This is the mail archive of the
libc-ports@sources.redhat.com
mailing list for the libc-ports project.
[PATCH 09/14] tilegx: small performance fix for string routines
- From: Chris Metcalf <cmetcalf at tilera dot com>
- To: <libc-ports at sourceware dot org>
- Date: Fri, 11 May 2012 18:03:58 -0400
- Subject: [PATCH 09/14] tilegx: small performance fix for string routines
- References: <4FB161CE.6070905@tilera.com>
We were multiplying a byte by 0x0101010101010101ULL to create a
constant for SIMD ops, but the compiler isn't good at optimizing
this case (the fact that one operand is a byte is lost by the time
it would be possible to do the optimization).
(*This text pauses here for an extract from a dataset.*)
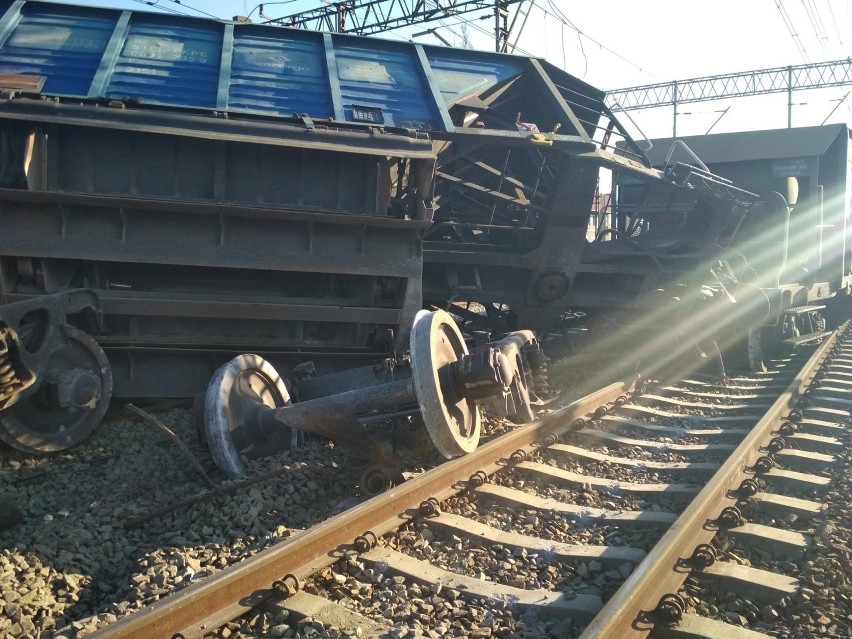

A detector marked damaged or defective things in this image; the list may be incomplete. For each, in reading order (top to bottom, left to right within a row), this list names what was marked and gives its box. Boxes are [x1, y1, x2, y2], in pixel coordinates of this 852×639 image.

damaged train car [0, 0, 832, 480]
So instead we add
a helper routine that explicitly uses SIMD ops to create the constant.
---
ChangeLog.tile | 11 +++++++++++
sysdeps/tile/tilegx/memchr.c | 4 ++--
sysdeps/tile/tilegx/memset.c | 5 +++--
sysdeps/tile/tilegx/rawmemchr.c | 4 ++--
sysdeps/tile/tilegx/strchr.c | 4 ++--
sysdeps/tile/tilegx/strchrnul.c | 4 ++--
sysdeps/tile/tilegx/string-endian.h | 12 +++++++++++-
sysdeps/tile/tilegx/strrchr.c | 4 ++--
8 files changed, 35 insertions(+), 13 deletions(-)
diff --git a/ChangeLog.tile b/ChangeLog.tile
index 83136aa..3c192e9 100644
--- a/ChangeLog.tile
+++ b/ChangeLog.tile
@@ -1,5 +1,16 @@
2012-05-12 Chris Metcalf <cmetcalf@tilera.com>
+ * sysdeps/tile/tilegx/memchr.c: Use new copy_byte() function
+ to efficiently generate a large constant for masking.
+ * sysdeps/tile/tilegx/memset.c: Likewise.
+ * sysdeps/tile/tilegx/rawmemchr.c: Likewise.
+ * sysdeps/tile/tilegx/strchr.c: Likewise.
+ * sysdeps/tile/tilegx/strchrnul.c: Likewise.
+ * sysdeps/tile/tilegx/strrchr.c: Likewise.
+ * sysdeps/tile/tilegx/string-endian.h (copy_byte): New function.
+
+2012-05-12 Chris Metcalf <cmetcalf@tilera.com>
+
* sysdeps/tile/tilegx/memcpy.c: Allow memcpy(p, p, n)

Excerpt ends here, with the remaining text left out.